Lalu, apakah rasional bahwa seseorang yang hidup dan berperilaku berdasarkan keyakinannya ditolak hak kewarganegaraannya, hanya karena tidak berjabat tangan dengan non-muhrim dalam sebuah acara?

Jika perilaku wanita Muslim ini tidak bisa dibenarkan, karena tidak sesuai dengan kultur masyarakat Prancis? Lalu dimana ruang untuk kebebasan berpendapat dan berekspresi. Dalam literatur demokrasi liberal Barat termasuk Prancis disebutkan bahwa kebebasan berpendapat dan berekspresi bermakna hidup berdampingan dan menghormati semua orang dari semua agama dan ras.

Tetapi dalam sistem demokrasi liberal di Barat, undang-undang tentang kebebasan berpendapat memiliki sebuah catatan yaitu UU tersebut tidak berlaku untuk warga Muslim.

Mantan Presiden Prancis Nicolas Sarkozy, mantan Perdana Menteri Inggris David Cameron, dan Kanselir Jerman Angela Merkel berulang kali berbicara tentang kegagalan masyarakat multikultural di negara mereka. Maksud mereka adalah orang-orang Muslim yang hidup dengan keyakinannya sendiri.
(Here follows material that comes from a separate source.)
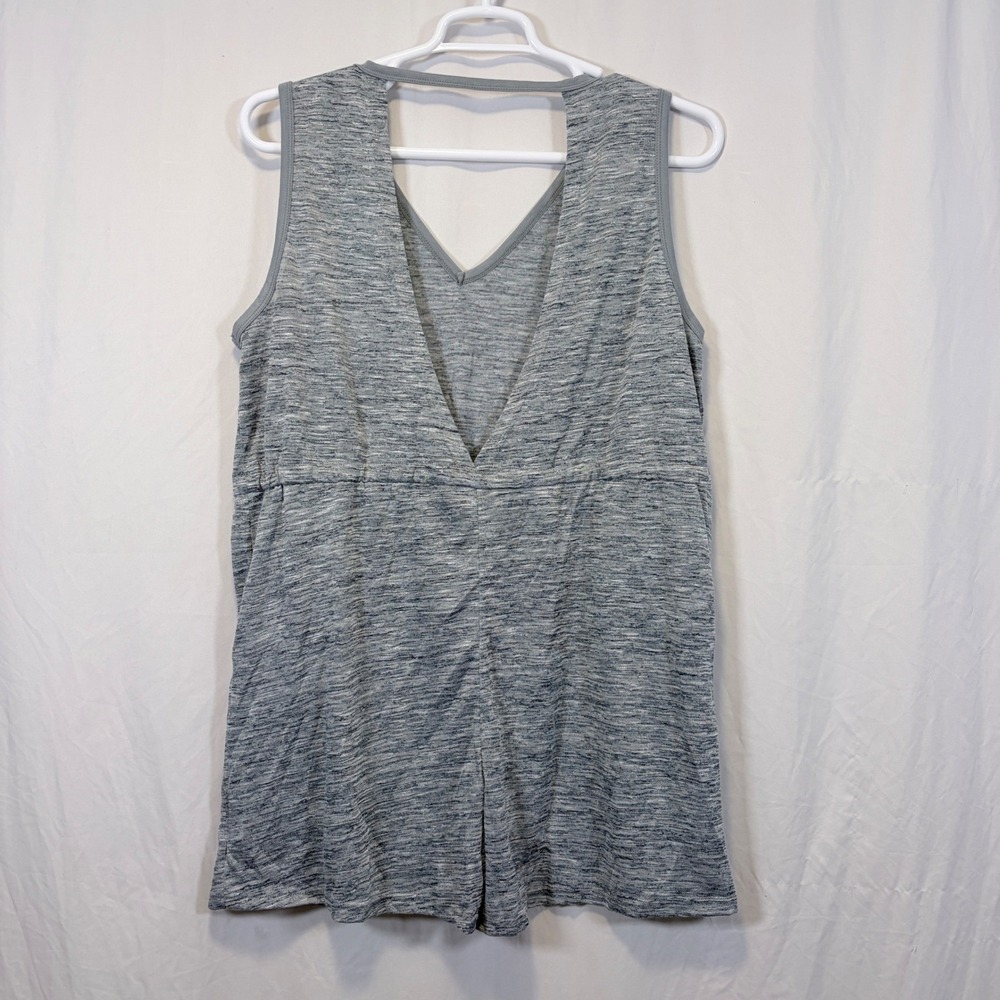 Cupshe Romper Sleeveless Space Dye Drawstring Waist Gray XL - Picture 2 of 5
Pada dasarnya, para pemimpin Barat sedang berusaha menciptakan Islam Eropa yang tanpa identitas dan didasarkan pada nilai-nilai dan budaya demokrasi liberal Barat.

Islamophobia dan sentimen anti-Islam di Barat ditujukan untuk mengisolasi dan mengubah identitas umat Islam. Barat akan mencari alasan apapun – termasuk penolakan seorang Muslimah untuk berjabat tangan dengan non-muhrim – untuk membatasi dan merampas hak-hak masyarakat Muslim.